There are also some other clever things taking place at the Yggdrasil TCP layer. In particular, LIFO queues are used for session traffic, which results in reordering at almost the first sign of any congestion on the encapsulating link. TCP very eagerly backs off in this instance, which helps to deal with real congestion on the link in a sane manner.

Agreeing on an MTU

A big problem we came across was that different operating systems have different maximum MTUs. Linux, macOS and Windows all allow maximum MTUs of 65535 bytes, but FreeBSD only allows half that at 32767 bytes, OpenBSD lower again at 16384 bytes and NetBSD only allowing up to a paltry 9000 bytes! Not to mention that there might also be good reasons for adjusting the MTU by hand, hence the IfMTU option in yggdrasil.conf.

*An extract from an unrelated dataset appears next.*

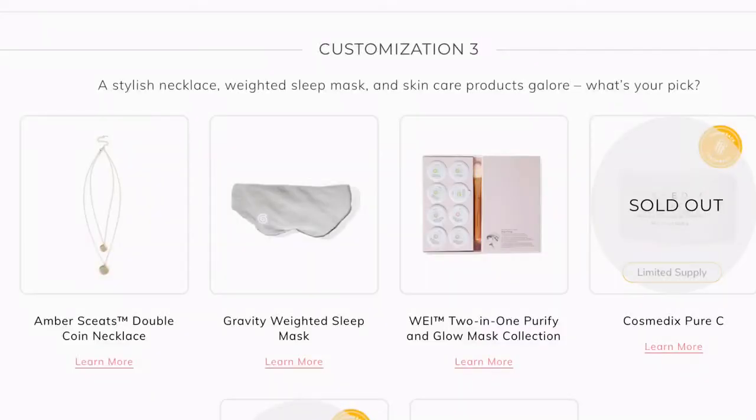Let's go to our third customization — another category I get to choose from. The choices are the Amber Skeets Double Coin Necklace, Gravity Weighted Sleep Mask, Way 2-in-1 Purify and Glow Mask Collection, Cosmetic Pure C, and the Green Goo Hibiscus Plant-Based Body Scrub.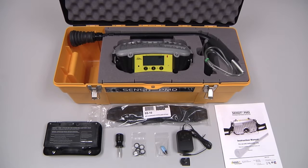The standard ship kit for the Sensit PMD includes the instrument, survey probe, a standard battery pack with charger, a shoulder strap, a standard screwdriver for changing the battery, a set of replaceable filter discs, a replaceable survey probe filter, and the instruction manual.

We need a way for any two Yggdrasil nodes to agree on a suitable MTU that works for both parties. To get around this, each node sends its own MTU to the remote side when establishing an encrypted traffic session. Knowing both your own MTU and the MTU of the remote side allows you to select the lower of the two MTUs, as the lower of the two MTUs is guaranteed to be safe for both parties. In fact, you can even see what the agreed MTU of a session is by using yggdrasilctl getSessions or by sending a getSessions request to the admin socket.

Using ICMPv6 to signal userspace

So what happens if you establish a session with someone who has a smaller MTU configured than yourself? The session negotiation and MTU exchange will allow Yggdrasil to select a lower MTU for the session, but your TUN/TAP adapter on your own side still has the larger of the two MTUs. How do we tell userspace about the new MTU?

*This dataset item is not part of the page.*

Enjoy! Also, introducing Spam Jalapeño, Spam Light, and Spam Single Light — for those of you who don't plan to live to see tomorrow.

IPv6 implements a Packet Too Big packet type which is designed to facilitate Path MTU Discovery on standard IPv6 networks. If you send a large packet, a node en-route (like a router) can send back an ICMPv6 Packet Too Big message to the sender, signifying that the packet that you sent exceeds the largest supported packet size (effectively an upstream link MTU). The sending node can then fragment the packet and resend it in smaller chunks so that it matches that lower MTU on the path. Yggdrasil takes advantage of this behaviour by generating Packet Too Big control messages and sending them back to the TUN/TAP adapter when it detects that you have tried to send a packet across an Yggdrasil session that is larger than the agreed MTU.

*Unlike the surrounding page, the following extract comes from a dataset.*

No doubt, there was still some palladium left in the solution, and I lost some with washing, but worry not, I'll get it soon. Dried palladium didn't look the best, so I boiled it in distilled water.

This causes the operating system to fragment the packets down to the MTU size supported by the session and resend them. In addition, the operating system caches this newly discovered MTU for the future so that it fragments correctly for that destination from that point forward. In effect, Yggdrasil “tricks” the operating system into thinking that Path MTU Discovery is really taking place on the link.

Conclusion

You will see that Yggdrasil performs a number of tricks to allow flexible MTUs between nodes, and takes advantage of the stream nature of TCP to provide the greatest level of performance and flexibility. There are a number of moving parts to this - the session negotiation, ICMPv6 message generation and the choice of TCP over UDP for peering connections. However, I hope this demystifies some of our choices and why we have encouraged the use of larger MTUs on our traffic sessions.